*** Block opens ***

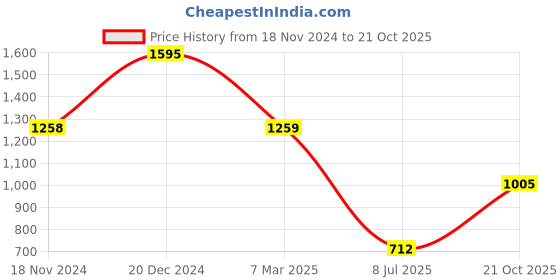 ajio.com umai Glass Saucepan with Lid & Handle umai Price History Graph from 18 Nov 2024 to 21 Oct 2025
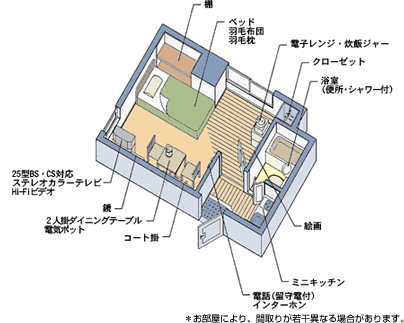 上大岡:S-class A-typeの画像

*** Block closes ***
*** Block opens ***

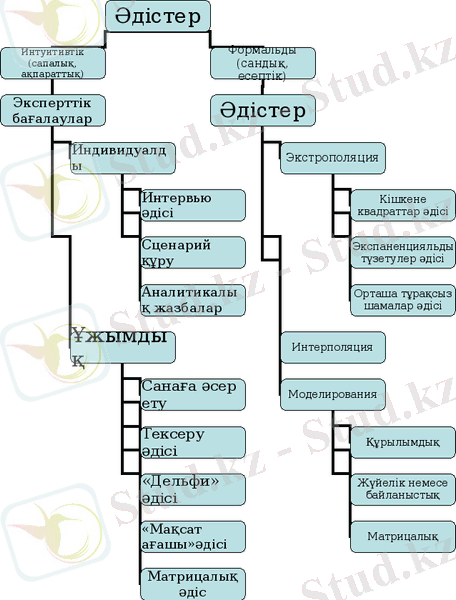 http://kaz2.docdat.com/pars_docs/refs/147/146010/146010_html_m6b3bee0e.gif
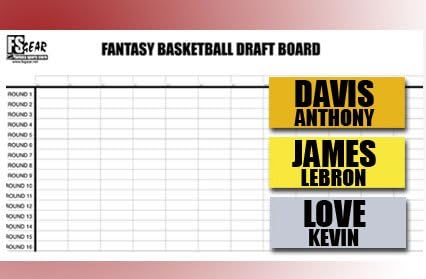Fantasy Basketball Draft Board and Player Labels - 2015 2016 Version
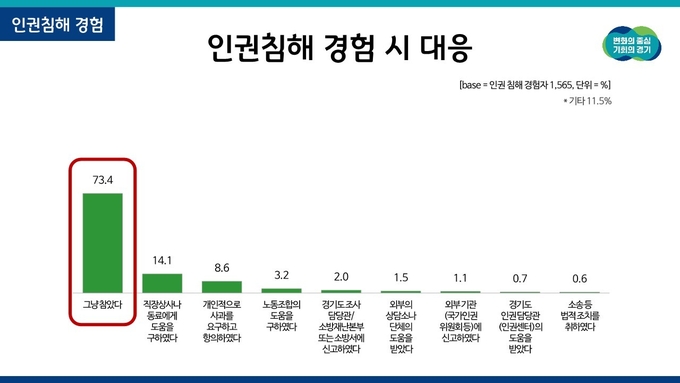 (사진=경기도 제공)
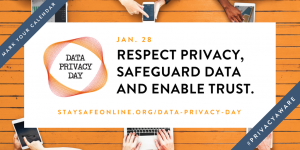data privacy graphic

*** Block closes ***

Only one stretch of the listing is wanted: the lines starting at the one with "ajio.com umai Glass" and ending at the one with "上大岡:S-class A-typeの画像", copied exactly and free of pictures.

 ajio.com umai Glass Saucepan with Lid & Handle umai Price History Graph from 18 Nov 2024 to 21 Oct 2025
 上大岡:S-class A-typeの画像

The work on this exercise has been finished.